◆ EXERCISE DATA ◆
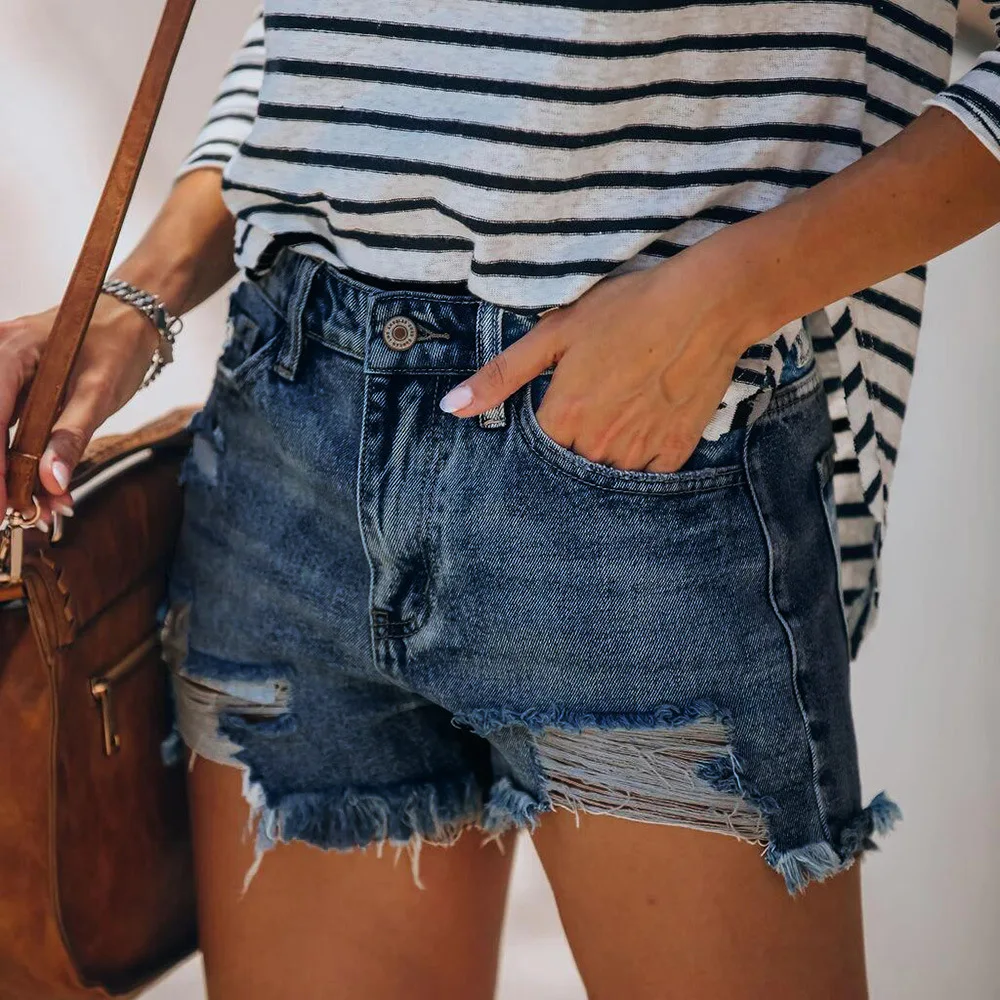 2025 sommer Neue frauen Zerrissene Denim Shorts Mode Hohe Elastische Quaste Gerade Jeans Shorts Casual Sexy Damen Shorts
...
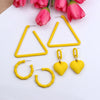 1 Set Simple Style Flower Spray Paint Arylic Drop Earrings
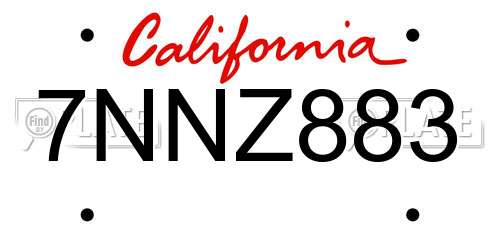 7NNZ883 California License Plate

◆ WHAT IS EXPECTED ◆
Without the pictures, set down the lines above from the line with "1 Set Simple" up to and including the line with "7NNZ883 California License Plate" exactly as they stand.

◆ ANSWER SPACE ◆
 1 Set Simple Style Flower Spray Paint Arylic Drop Earrings
 7NNZ883 California License Plate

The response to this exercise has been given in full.